The electropherograms obtained were analyzed and edited using the software BIOEDIT (Hall 1999). The edited sequences were aligned manually using MEGA 4 (Tamura et al. 2007). The analyses of genetic variation were carried out considering nucleotide substitutions only, while the haplotype level analysis considered both nucleotide substitutions and insertion/deletions (indels). We calculated nucleotide diversity (π) and haplotype diversity (hS) using the software DNAsp 5.0 (Librado and Rozas 2009) and the rarefied haplotype richness with the software SPAGeDi (Hardy and Vekemans 2002) We built a statistical parsimony network with the TCS software (Clement et al. 2000), through the parsimony algorithm of Templeton et al. (1992) using a connection limit of 95% and considering gaps as fifth state. The network was edited using TCS Beautifier (Múrias Dos Santos et al. 2016).

To evaluate the partitioning of haplotype diversity within and among populations and regions, we carried out an AMOVA in Arlequin 3.5 (Excoffier and Lischer 2010) with 10,000 permutations to determine the significance of the test. Populations were grouped according to the six physiographic regions, as previously described for the microsatellite analyses. The presence of phylogeographic structure in the populations was assessed through the comparison of population differentiation with unordered (GST) and ordered alleles (NST). If NST is significantly higher than GST it means that genealogically close haplotypes tend to occur together in the same populations (i.e., there is phylogeographic structure) (Pons and Petit 1996).
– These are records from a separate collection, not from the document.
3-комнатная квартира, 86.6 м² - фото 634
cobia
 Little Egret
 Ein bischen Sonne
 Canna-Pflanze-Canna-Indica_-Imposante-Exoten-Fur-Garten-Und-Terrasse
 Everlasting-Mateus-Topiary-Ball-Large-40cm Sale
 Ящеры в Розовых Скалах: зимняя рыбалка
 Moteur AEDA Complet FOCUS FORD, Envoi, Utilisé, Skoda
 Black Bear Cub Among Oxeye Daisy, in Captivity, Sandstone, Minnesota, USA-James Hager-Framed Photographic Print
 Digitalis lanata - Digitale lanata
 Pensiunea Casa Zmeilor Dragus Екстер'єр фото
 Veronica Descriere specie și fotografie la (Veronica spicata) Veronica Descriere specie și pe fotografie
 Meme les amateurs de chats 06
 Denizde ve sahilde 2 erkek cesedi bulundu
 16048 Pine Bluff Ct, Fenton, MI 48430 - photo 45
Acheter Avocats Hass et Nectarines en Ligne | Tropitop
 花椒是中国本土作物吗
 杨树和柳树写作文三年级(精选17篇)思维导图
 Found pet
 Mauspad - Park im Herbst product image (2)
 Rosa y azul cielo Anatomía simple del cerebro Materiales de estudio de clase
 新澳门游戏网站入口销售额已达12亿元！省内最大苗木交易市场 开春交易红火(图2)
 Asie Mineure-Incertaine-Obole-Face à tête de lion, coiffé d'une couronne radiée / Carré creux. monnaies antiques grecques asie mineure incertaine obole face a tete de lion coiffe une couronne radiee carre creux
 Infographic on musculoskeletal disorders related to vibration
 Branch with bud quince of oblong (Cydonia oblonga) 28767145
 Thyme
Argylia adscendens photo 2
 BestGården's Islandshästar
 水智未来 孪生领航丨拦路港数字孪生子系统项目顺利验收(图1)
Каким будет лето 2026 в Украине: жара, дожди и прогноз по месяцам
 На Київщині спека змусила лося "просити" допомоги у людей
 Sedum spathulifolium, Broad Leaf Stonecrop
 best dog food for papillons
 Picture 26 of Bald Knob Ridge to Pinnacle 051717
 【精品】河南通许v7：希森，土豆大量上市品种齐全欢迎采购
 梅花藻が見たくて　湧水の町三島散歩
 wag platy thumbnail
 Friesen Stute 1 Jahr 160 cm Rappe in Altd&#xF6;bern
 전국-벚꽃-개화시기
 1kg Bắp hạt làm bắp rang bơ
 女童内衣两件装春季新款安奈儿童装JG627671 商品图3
This test was performed in SPAGeDi (Hardy and Vekemans 2002) with 20,000 permutations.

The demographic history of the populations was investigated by calculating Tajima’s D and Fu’s Fs (Tajima 1989; Fu 1997) with the software DNAsp 5.0 (Librado and Rozas 2009) with 10,000 permutations. Additionally, we performed a mismatch distribution analysis, which assesses the relative frequency of the number of nucleotide differences among all pairs of haplotypes and compares it to the unimodal distribution expected under a recent demographic expansion (Rogers and Harpending 1998; Excoffier et al. 2009). This analysis was carried out in Arlequin 3.5.1.3 (Excoffier and Lischer 2010). The statistical test of no difference between the observed distribution and the distribution expected under the population expansion model was performed through the comparison of the sum of squares differences (SSD).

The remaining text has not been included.